Когда же кто-то, пусть сколь угодно искренне и бескорыстно, пытается улучшить свою страну, исходя из представлений, порожденных чужим (или на скорую руку произвольно сляпанным) историческим каноном, когда его суждения о том, что хорошо и что плохо, сформированы историей чужой, пусть не обижается, что ему внемлют лишь такие же отщепенцы. А так называемое серое быдло, тупые и не умеющие мыслить обыватели – то есть те, кто без особых сомнений и рефлексий исповедует традиционный канон, – отмахиваются от него, как от назойливой мухи. Это как если бы учить буддистов вращать колесо спасения взялся вдруг, например, мусульманин. Даже если мы с некоторой натугой предположим, что он руководствуется исключительно человеколюбивым стремлением помочь бритоголовым недотепам воистину спастись – а именно попасть в единственный настоящий, то бишь мусульманский, с гуриями, рай, – чистота его помыслов, увы, никак не скажется на результативности его усилий.

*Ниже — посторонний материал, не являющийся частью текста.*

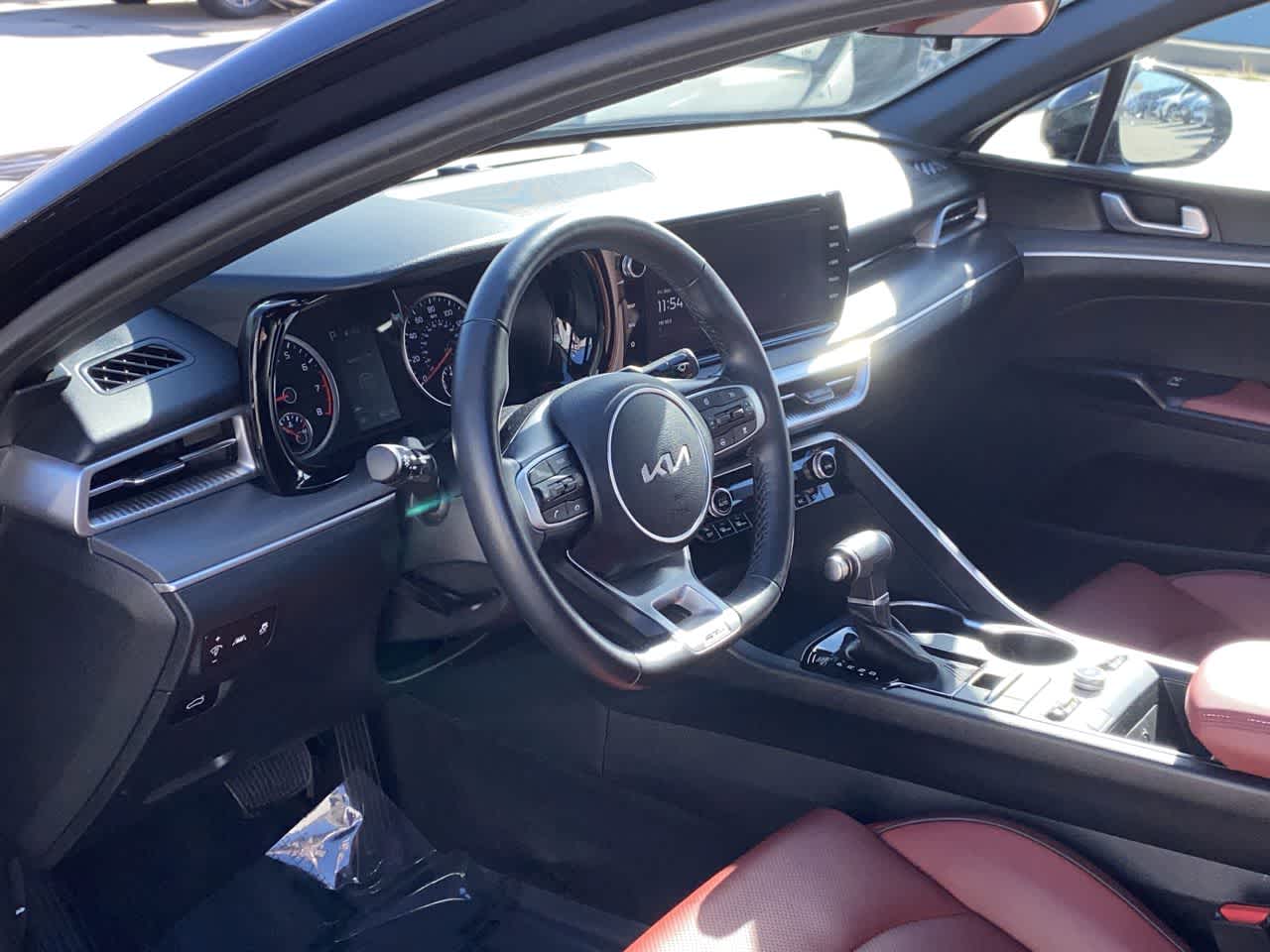 2023 Kia K5 GT-Line photo 2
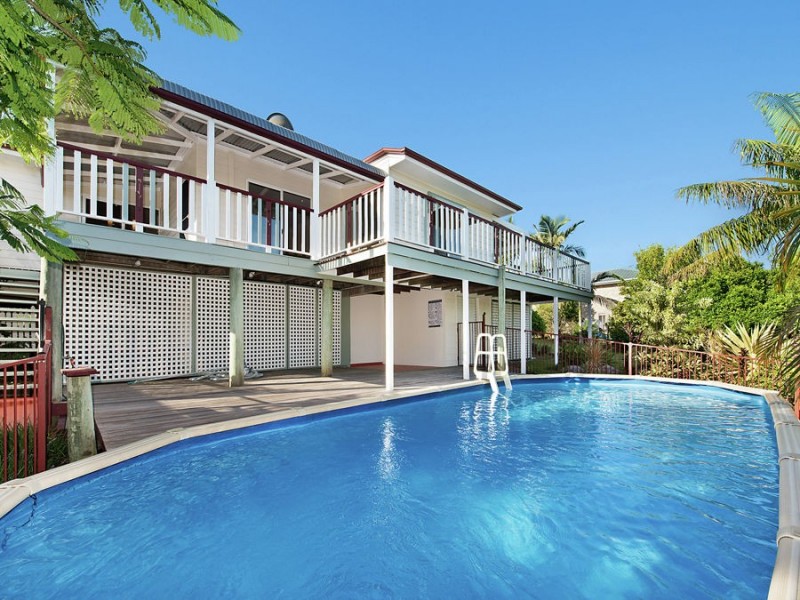 11 Ridgewood Road, Little Mountain QLD 4551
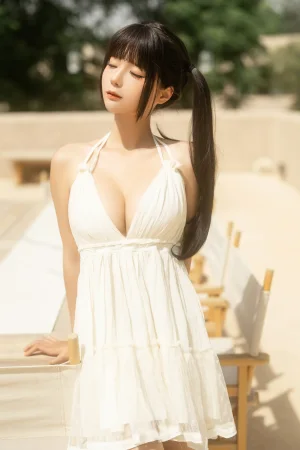 蠢沫沫《咖啡厅》主题写真：12张全套美图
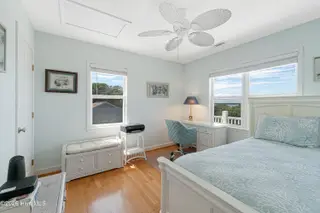 6611 Marsh Cove Road, Emerald Isle, NC 28594 – photo 18: Third floor bedroom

Вот, светлая им память, две практически равные по масштабу исторические фигуры: Солженицын и Сахаров. Два бескомпромиссных борца с чудовищным кровососом, что впился в страну в семнадцатом году. Два несомненных титана. Два бескорыстных страдальца. Но в массовом сознании первый устойчиво слывет святым. А ко второму относятся в лучшем случае как к доброму несчастному подростку, связавшемуся с дурной компанией.
И ведь не зря Солженицын никогда не порочил Сахарова (напрашивается единственное объяснение: потому что православный!), в то время как Сахаров на весь Запад стращал, что Солженицын страшнее коммунистов.
В рамках определенной системы ценностей академик был совершенно прав – и впрямь страшнее.
Кровосос смог присосаться к России только потому, что представления большевиков о дальнейшей истории подразумевали решение совершенно всамделишных насущных задач, перед Россией в ту пору стоявших. Модернизация, индустриализация, демократизация… Страшная беда возникла ИСКЛЮЧИТЕЛЬНО оттого, что представления об истории, которые исповедовались законной, то бишь царской, властью, да и околовластной интеллигенцией, были в этом смысле абсолютно импотентны. Кому-то эти задачи надо было срочно решать.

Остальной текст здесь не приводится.